===== INFORMATION GIVEN =====

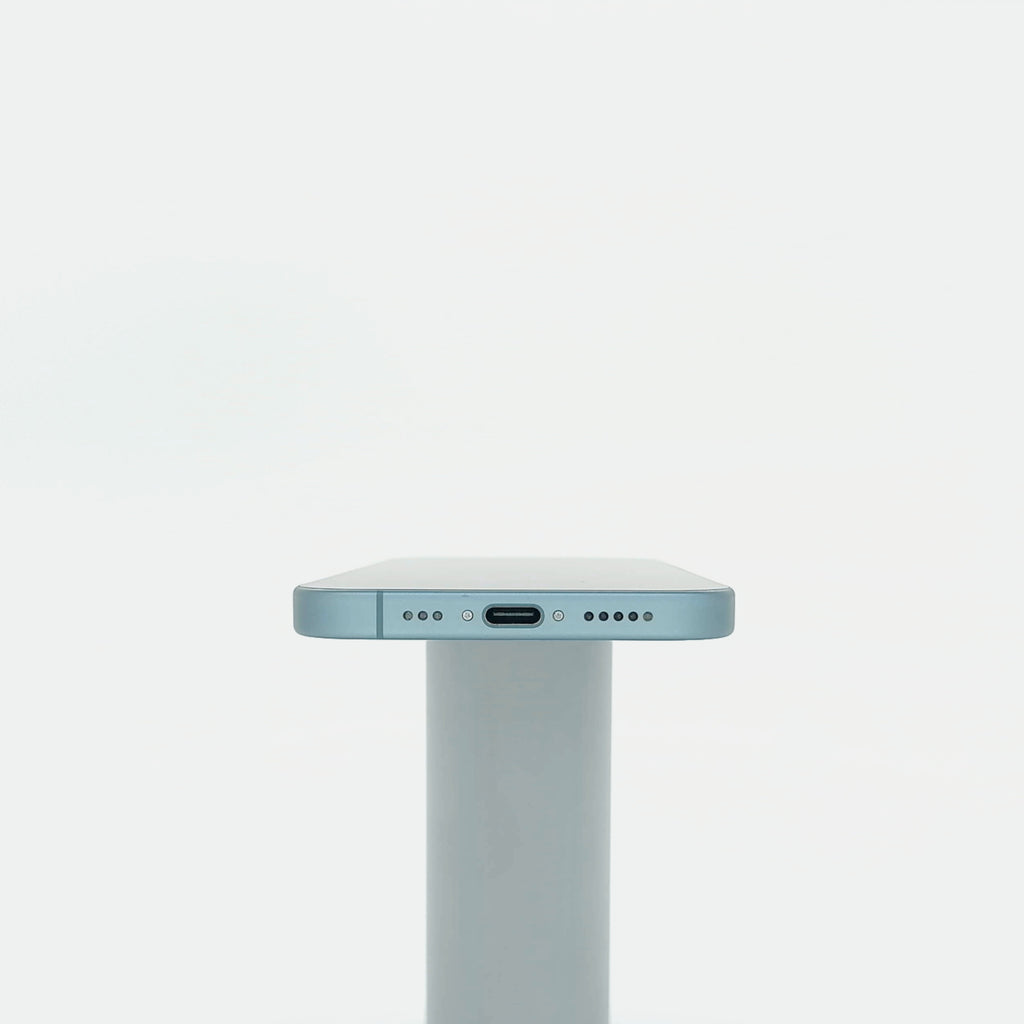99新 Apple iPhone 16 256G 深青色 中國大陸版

=====
===== INFORMATION GIVEN =====

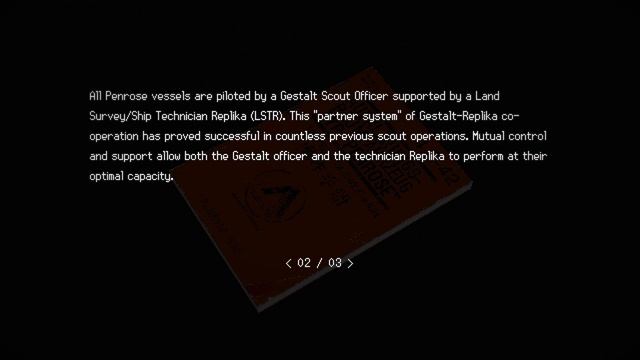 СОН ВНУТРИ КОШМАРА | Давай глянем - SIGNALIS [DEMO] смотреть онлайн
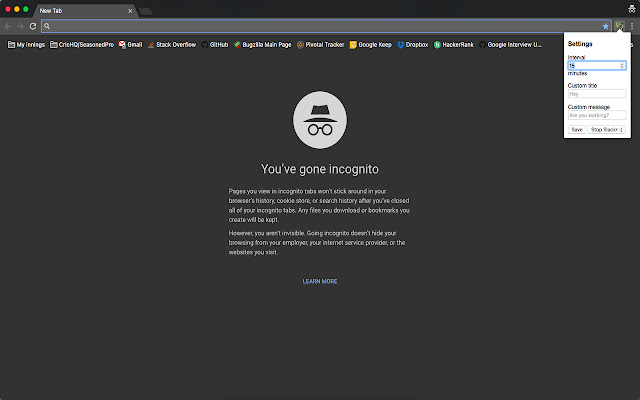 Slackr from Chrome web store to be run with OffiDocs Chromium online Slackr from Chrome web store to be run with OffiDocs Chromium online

=====
===== INFORMATION GIVEN =====

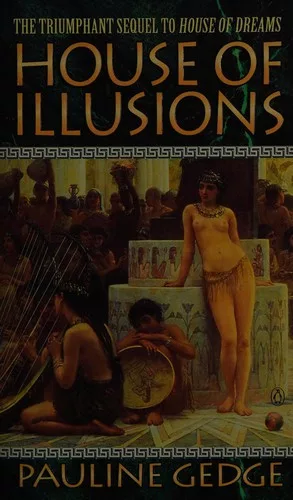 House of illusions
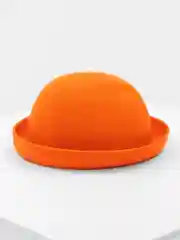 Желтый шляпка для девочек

=====

The material above holds pictures; leave them out. Repeat exactly the lines from the one containing "СОН ВНУТРИ КОШМАРА" through the one containing "Chromium online Slackr", and nothing else.

 СОН ВНУТРИ КОШМАРА | Давай глянем - SIGNALIS [DEMO] смотреть онлайн
 Slackr from Chrome web store to be run with OffiDocs Chromium online Slackr from Chrome web store to be run with OffiDocs Chromium online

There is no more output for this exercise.